The document, published on July 5, suggests a six-principles approach to bringing order to ESG ratings whose providers face criticism over inconsistencies in their scores and conflicts of interest.

The proposal was welcomed by Britain’s Investors Association, the UK Sustainable Investment and Finance association (UKSIF), as well as the International Swaps and Derivatives Association (ISDA) and the Association for Financial Markets in Europe (AFME).

“We expect that the demand in the UK, and internationally, for these types of products will grow markedly in the coming years, and it is absolutely crucial for investors and other users to have full confidence in ESG ratings, including their underlying methodologies,” UKSIF said in a statement.

“The associations support the introduction of regulation for ESG ratings providers, in particular the need for greater transparency of methodologies, sufficient resources and expertise within providers, stronger governance, and addressing conflicts of interest,” a joint comment from ISDA and AFME stated. “This is particularly important given the global nature of the market for ESG ratings.”

Government Scrutiny

The publication comes just days after the closure of a four-month government Treasury-led consultation on regulating the firms, which was launched in recognition of the growing importance that investors place on ratings when making decisions on the £4.7 trillion of assets integrated into sustainability assessment processes.

The draft code of conduct sets out six principles that it recommends rating firms follow, covering: good governance, securing quality, conflicts of interest, transparency, confidentiality and engagement. With each principle, the code recommends a set of actions that raters should take and describes outcomes that should be targeted.

The six principles are aimed at “improving the availability and quality of information provided to investors at product and entity levels; enhancing market integrity through increased transparency, good governance and sound systems and controls; and improving competition through better comparability of products and providers”.

The code is built on recommendations made in 2021 by the International Organisation of Security Commissions (IOSCO), which said that ratings were too important for regulators to overlook. As well as offering recommendations on how ratings firms can improve their services, IOSCO suggested the firms be brought either under direct regulatory scrutiny or encouraged to follow voluntary codes of conduct.

“In the UK, regulation is being considered in parallel with the development of this Code of Conduct,” the draft stated.

FCA Commission

The code of conduct was commissioned by the UK regulator, the Financial Conduct Authority (FCA), which created the ESG Data and Ratings Code of Conduct Working Group (DRWG) to draw up the proposals. The working group was supported by the International Regulatory Strategy Group (IRSG) and the International Capital Market Association (ICMA).

According to business researcher Opimas, the market for ESG data grew to about US$1.3 billion last year, of which ratings and raw data providers accounted for 70 per cent. Indices claimed the balance.

Ratings provided by companies including MSCI, ISS ESG, Sustainalytics and Moody’s are important to investors at a time when raw data on investment instruments is often patchy in volume and quality, and as demand for sustainable investments has surged. They offer an aggregated view into an instrument’s sustainability by using sophisticated analytics to establish scores when data is missing.

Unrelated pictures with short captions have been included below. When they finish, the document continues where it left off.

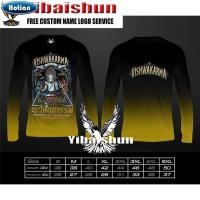 ราคา NEW เสื้อยืดผ้าคอตตอน ลายพระวิษณุ Yibaishun เสื้อยืดผู้ชาย UnisexS 5XL แขนยาว3 (40875021563)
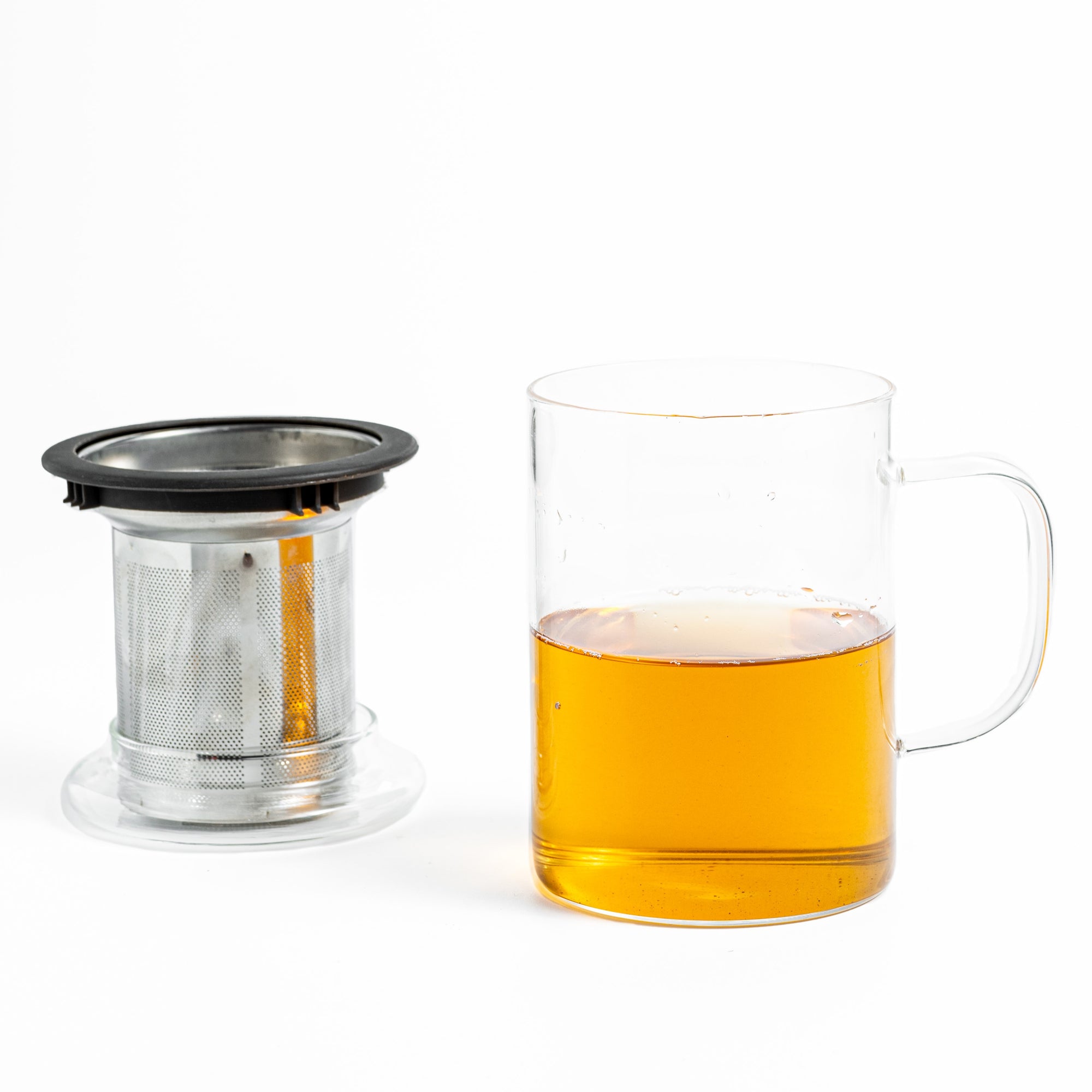 Inspire Glass Tea Mug with Infuser - 350ml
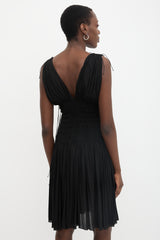 Alaïa Smocked Fringe Dress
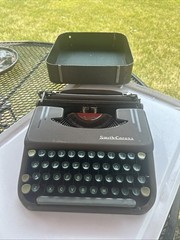 1950s Smith-Corona Skyriter Vintage UltraPortable Typewriter Tested Fully Works!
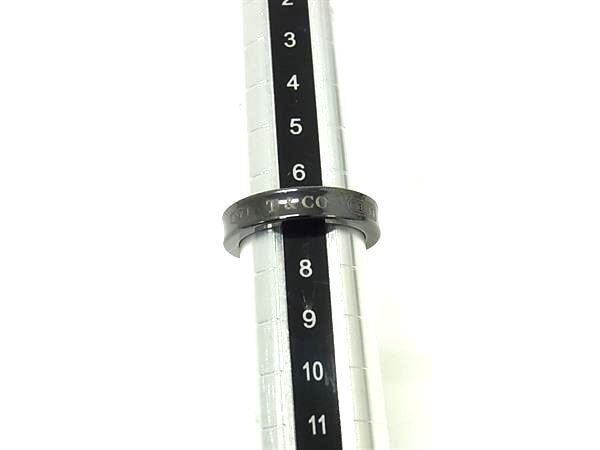 TIFFANY＆Co ティファニー リング 指輪 1837 ナロー リング ブラック チタン レディース 美品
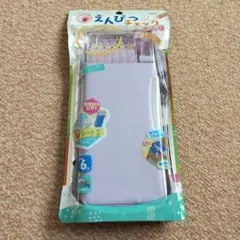 ソニック えんぴつチェック 筆箱 バイオレット　両面のサムネイル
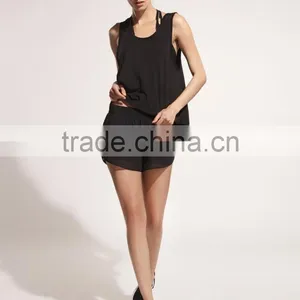 2017 Wholesale Women Gym Tank Sports Fitness Shirt Yoga Top thumbnail-3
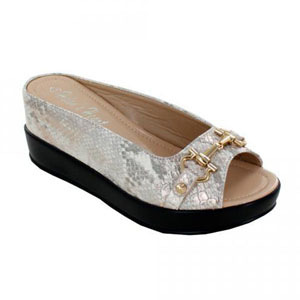Helens Heart Womens CFW-8127-40 Cream Synthetic Wedge Casual Shoes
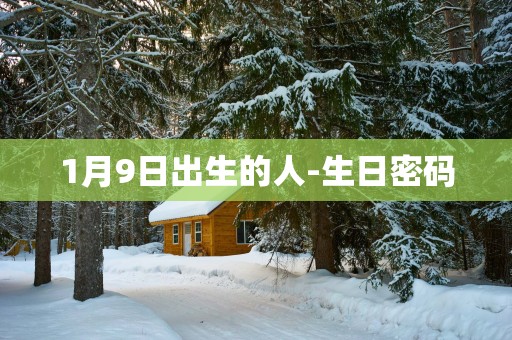 1月9日出生的人-生日密码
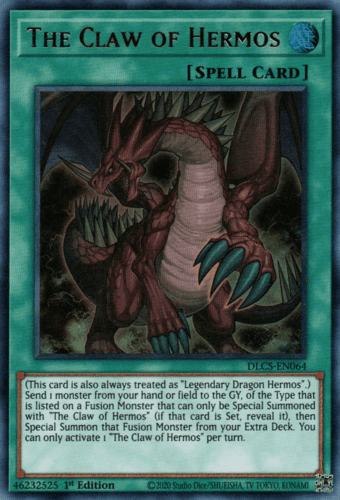The Claw of Hermos - DLCS-EN064 Ultra Rare 1st Edition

But they have come under scrutiny as their importance has grown. The largest complaint they face is that they often give widely differing scores to the same companies. This is usually the result of each using its own rating methodology, making comparisons of companies tricky for investors. Accusations of greenwashing have occasionally been levelled at asset managers who have, naturally, cited the best rating offered by a provider in their sales documentation.

There is also concern that raters who also offer consulting services may be massaging scores to make them more attractive to clients.

The UK action is the first among leading market overseers, many of whom have put ESG ratings under scrutiny. The EU is mulling regulatory oversight for the firms, as is the SEC.

While the Code of Conduct will now be subject to industry scrutiny during a consultation period that runs to October 5, the UK’s Treasury has just wound up its own consultation on whether the industry should be regulated. The government’s financiers said the responses to the soundings will inform their policy response soon after.